O indicador e o dedo médio de Dragar desenharam símbolos desconhecidos no ar. A figura de chapéu e camisa jeans enfiada para dentro do cinto, batia uma de suas botas de couro de cobra no pneu do corvete. Desconfiava que o Theurge lhe passara para trás. Como fora idiota!

— Sabe, uma vez meu tio Rudolph estava preparando seu cachimbo na soleira de sua casa. Era uma baita fazenda lá na Carolina do Sul. Ele mandou todos os nossos primos para a guerra e ficou lá, sozinho, esperando o primeiro desgraçado corajoso o bastante para lhe tirar dali. – Dragar não interrompeu os gestos. Tentava se concentrar, agora que tinha que ouvir a ladainha do velho.

— Então, na primeira semana, surgiram ladrões. Eles roubavam tudo o que podiam. Mas não se atreviam a roubar meu tio. Ele tinha uma excelente pontaria. Certo dia, um negro, assim como você, chegou acenando um pano branco sobre a cabeça. Queria conversar.

— Que estranho. Seu tio não tinha escravos?

— Tinha. Todos eles fugiram para marchar pelos nortistas. Ele ficou tão intrigado quanto você. Por isso deixou o negro se aproximar.

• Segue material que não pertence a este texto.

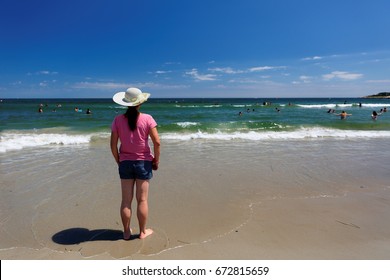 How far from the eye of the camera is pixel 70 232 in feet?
13.6

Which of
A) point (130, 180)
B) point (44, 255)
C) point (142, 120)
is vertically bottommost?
point (44, 255)

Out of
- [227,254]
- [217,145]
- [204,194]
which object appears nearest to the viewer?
[227,254]

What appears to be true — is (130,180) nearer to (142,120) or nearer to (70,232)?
(142,120)

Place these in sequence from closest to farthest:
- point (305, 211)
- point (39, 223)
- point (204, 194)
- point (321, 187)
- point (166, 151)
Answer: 1. point (39, 223)
2. point (305, 211)
3. point (204, 194)
4. point (321, 187)
5. point (166, 151)

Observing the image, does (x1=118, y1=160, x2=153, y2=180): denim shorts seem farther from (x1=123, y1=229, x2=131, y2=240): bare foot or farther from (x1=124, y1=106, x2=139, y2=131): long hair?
(x1=123, y1=229, x2=131, y2=240): bare foot

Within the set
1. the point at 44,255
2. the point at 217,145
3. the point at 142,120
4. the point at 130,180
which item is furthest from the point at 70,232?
the point at 217,145

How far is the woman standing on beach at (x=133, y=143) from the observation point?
346 centimetres

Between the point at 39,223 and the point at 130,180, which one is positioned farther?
the point at 39,223

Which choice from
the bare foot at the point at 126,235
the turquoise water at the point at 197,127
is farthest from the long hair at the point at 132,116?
the turquoise water at the point at 197,127

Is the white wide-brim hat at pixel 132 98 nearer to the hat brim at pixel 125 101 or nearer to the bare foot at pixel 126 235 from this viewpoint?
the hat brim at pixel 125 101

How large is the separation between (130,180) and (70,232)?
1.32 meters

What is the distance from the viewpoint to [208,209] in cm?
500

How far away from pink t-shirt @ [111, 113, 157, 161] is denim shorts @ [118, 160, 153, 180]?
5 centimetres

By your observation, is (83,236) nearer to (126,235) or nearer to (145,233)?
(126,235) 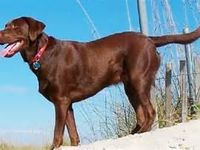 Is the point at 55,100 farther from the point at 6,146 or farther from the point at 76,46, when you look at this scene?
the point at 6,146

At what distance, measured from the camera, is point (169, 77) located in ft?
34.8

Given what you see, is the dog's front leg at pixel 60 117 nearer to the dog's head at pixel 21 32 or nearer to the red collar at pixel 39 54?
the red collar at pixel 39 54

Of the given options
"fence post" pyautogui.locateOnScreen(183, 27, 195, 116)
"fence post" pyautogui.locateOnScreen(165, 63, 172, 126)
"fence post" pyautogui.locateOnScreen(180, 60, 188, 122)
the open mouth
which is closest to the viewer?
the open mouth

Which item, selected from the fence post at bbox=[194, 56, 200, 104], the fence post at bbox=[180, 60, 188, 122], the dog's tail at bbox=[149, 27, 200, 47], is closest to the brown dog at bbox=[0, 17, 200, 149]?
the dog's tail at bbox=[149, 27, 200, 47]

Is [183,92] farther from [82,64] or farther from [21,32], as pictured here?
[21,32]

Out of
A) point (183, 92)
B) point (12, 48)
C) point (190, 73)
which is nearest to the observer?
point (12, 48)

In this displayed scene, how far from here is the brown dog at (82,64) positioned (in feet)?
27.9

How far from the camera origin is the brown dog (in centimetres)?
851

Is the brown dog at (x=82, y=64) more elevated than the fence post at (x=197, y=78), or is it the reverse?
the brown dog at (x=82, y=64)

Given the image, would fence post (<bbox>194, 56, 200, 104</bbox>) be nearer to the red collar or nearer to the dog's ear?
the red collar

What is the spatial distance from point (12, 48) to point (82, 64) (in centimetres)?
107

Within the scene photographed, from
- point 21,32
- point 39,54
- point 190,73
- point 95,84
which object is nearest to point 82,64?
point 95,84

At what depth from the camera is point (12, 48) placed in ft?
27.9

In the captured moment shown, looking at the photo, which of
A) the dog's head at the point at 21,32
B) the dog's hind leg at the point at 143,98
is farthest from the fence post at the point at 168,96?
the dog's head at the point at 21,32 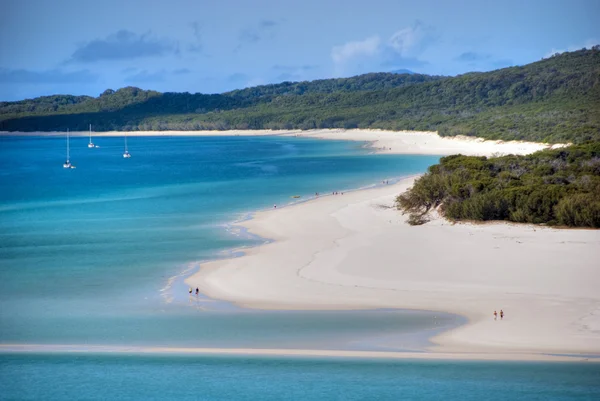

— E o que ele disse? – Dragar não estava satisfeito. Os símbolos que desenhara não reagiam adequadamente com sua força espiritual. Ao mesmo tempo, precisava manter o Poderoso Dólar conversando para ganhar um pouco mais de tempo.

— O escravo queria um emprego. Uma visão empreendedora e tanto, não é? Pelo menos do ponto de vista de um escravo fugido. A essa altura meu tio estava pouco se lixando para o dono dele. Todo mundo já tinha marchado para a Virgínia e deixado ele lá. Mas ele não podia arriscar. Disse que só podia lhe dar o emprego se ele concordasse em levar um tiro em uma das mãos. Afinal, o escravo não iria muito longe depois disso.

— E ele conseguiu o emprego?

— Sim. Do mesmo jeito que você conseguiu nosso acordo.

As cicatrizes de Dragar coçaram em resposta.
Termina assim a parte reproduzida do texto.